SHW-Hauptgeschäftsführer Hermann von Rösch plante, in den gut erhaltenen Werksanlagen eine Stahlformgießerei mit Landmaschinenfabrik zu errichten. Dagegen wollte Kommerzienrat Paul Reusch (1868-1956), der als Vorstandsvorsitzender der Gutehoffnungshütte zu den Mitgesellschaftern der SHW gehörte, das Aktienpaket schnell verkaufen, um die angespannte betriebliche Liquiditätslage zu verbessern. Hermann von Rösch konnte sich zunächst über die Bedenken hinwegsetzen und so begann 1924/25 die kurze Geschichte des Werks Böblingen.
Landwirtschaftliche Geräte
Anfangs wurden landwirtschaftliche Produkte, wie Obstmühlen, Obstpressen, Schlepper und Motorpflüge hergestellt.




Gebaut wurde auch ein 16 PS Raupenschlepper, der vom Bauern je nach Bedarf zum Radschlepper umgebaut werde konnte. Diese Umstellmöglichkeit wurde patentiert (alle Foto Wirtschaftsarchiv Hohenheim B 1009 Bü 179)







Autobau
An einen Fahrzeugbau hatten die Beteiligten zunächst nicht gedacht, doch der designierte Werksdirektor Wunibald Kamm (1893-1966) – der nach 1930 zu den einflussreichsten deutschen Automobilkonstrukteuren zählte – brachte diese Idee und einen entsprechenden Versuchswagen mit.

Die Geburtsstunde des SHW-Wagens fiel allerdings in eine wirtschaftlich ungünstige Zeit, es fehlte an kaufkräftiger Nachfrage, Serviceeinrichtungen und Straßen. Um wirtschaftlich überleben zu können, konzentrierten sich die Hersteller entweder auf den Bau teurer und luxuriöser Modelle oder sie versuchten, über die Fertigung günstiger Kleinwagen breite Käuferschichten anzusprechen. Der SHW-Wagen, den Kamm entwickelte, zielte in die zweite Richtung. Dabei handelte es sich um einen spartanisch ausgestatteten, aber ausreichend motorisierter Kleinwagen, der auf der Grundlage einer kostengünstigen und damit wettbewerbsfähigen Serienproduktion hergestellt werden sollte.
Das junge und unkonventionelle Expertenteam, das sich in der Böblinger Versuchswerkstatt an die Arbeit machte, schuf eine richtungsweisende Konstruktion mit Vorderradantrieb, Einzelradaufhängung und Vierradbremssystem und selbsttragender Leichtmetallkarosserie. Diese Karosserie wurde als – sebsttragender Wagenkasten für Kraftfahrzeuge – am 25. November 1925 patentiert.

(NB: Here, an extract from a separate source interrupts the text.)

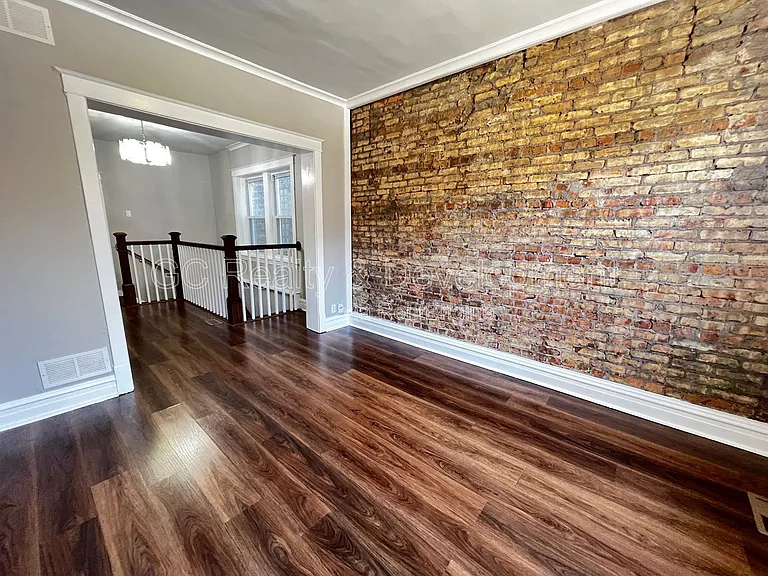 1439 N Artesian Ave #1 — Photo 9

Bei den den Fachleuten fand der Wagen großen Anklang und wurde hoch gelobt. Die Allgemeine Automobilzeitung beschrieb einen Fahrzeugprototyp, der 1925 auf der Automobilausstellung 1925 in Berlin vorgestellt wurde, als eine „ganz merkwürdige, neuartige und viel Aufsehen erregende Kleinwagenkonstruktion“.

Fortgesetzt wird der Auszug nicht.